ビジネス・インキュベーターは、1959年にアメリカ、ニューヨーク州バタビアBataviaのジョセフ・マンキューソJoseph L. Mancuso(1920―2008)が、所有する古い工場を小部屋に分けて貸オフィスとしたことに始まる。このバタビア・インダストリアル・センターには失業者が創業した小さな企業が入居してきたため、マンキューソはあらゆる経営の相談に応じ、それらの企業の経営が軌道に乗るのを助けたことがビジネス・インキュベーションの起源といわれる。その後、アメリカではあまり発達しなかったが、1977年にイギリスのグラスゴー近郊にあるブリティッシュ・スチールBritish Steel plcのクライド製鉄所によって創設されたインキュベーターが成果を上げ、アメリカで再度注目を浴びるようになる。1979年、シカゴ郊外の古い工場に開設されたフルトン・キャロル・センターFulton-Carroll Centerが失業者の経済的自立に貢献したことが評価され、1980年代初頭から、地域における新事業創出および雇用創出の有効な手法として注目されるようになり、全米各地で次々と設立された。
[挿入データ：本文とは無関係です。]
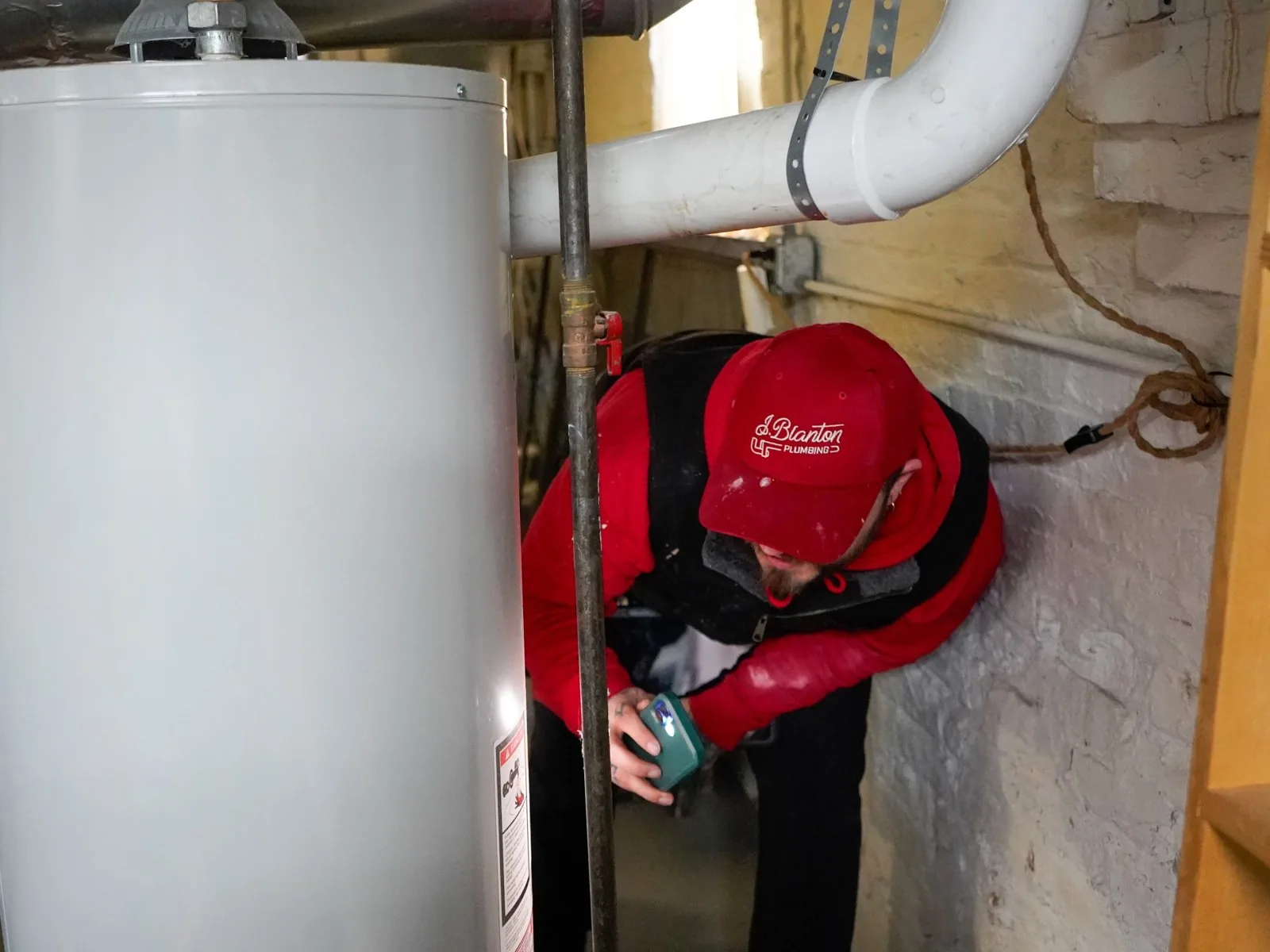 J. Blanton plumber checking the controls at the base of a basement water heater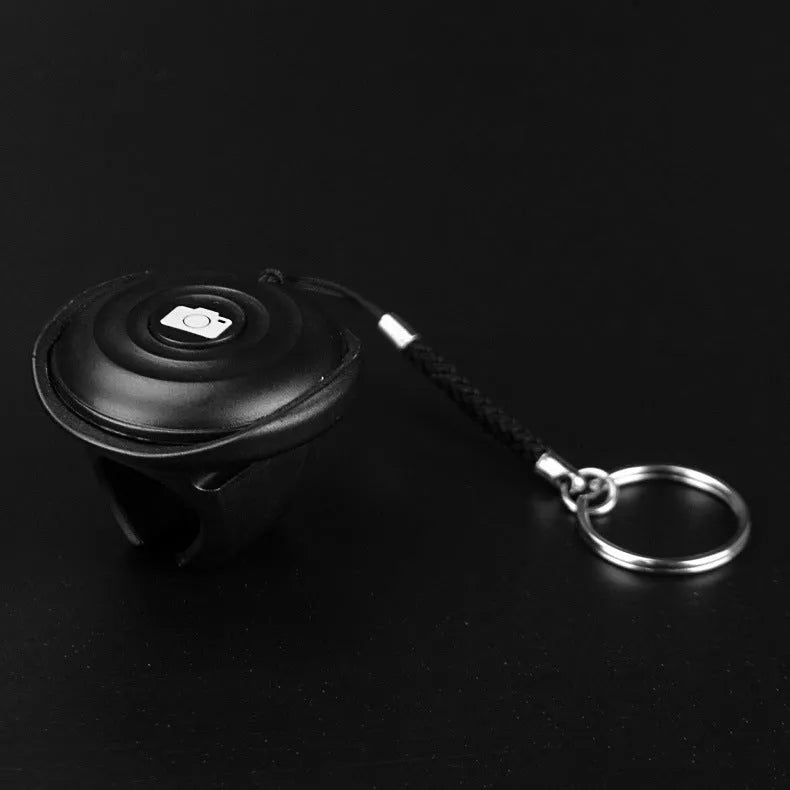 Black Bluetooth selfie remote control for wireless photography with 10m range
全国団体である全米ビジネス・インキュベーション協会(NBIA)では、ロビー活動のほか、ビジネス・インキュベーター設立支援、マネジャーの養成・研修、運営手法の研究とベストプラクティス(成功事例)の周知など、インキュベーションの発展・普及のためにさまざまな活動を実施している。
日本では、1980年代半ばにアメリカのインキュベーターをモデルに導入されたが、当初は設備面のみに着目し、経営アドバイス等の支援サービスは行われていなかった。1998年(平成10)に新事業創出促進法が制定され、ビジネス・インキュベーターの設立・運営に対する国の支援が講じられるようになり、ようやくインキュベーション・マネジャーの常駐と経営支援サービスの提供が行われるようになった。1999年、日本新事業支援機関協議会(JANBO)が設立され、インキュベーション・マネジャーの養成や優秀インキュベーター等の表彰などを実施したが、2008年、新事業創出促進法の廃止とともに解散した。JANBOの趣旨と主要な業務(マネジャーの養成、インキュベーターの運営支援、調査・研究など)を踏襲し、2009年に一般社団法人日本ビジネス・インキュベーション協会(JBIA)が設立された。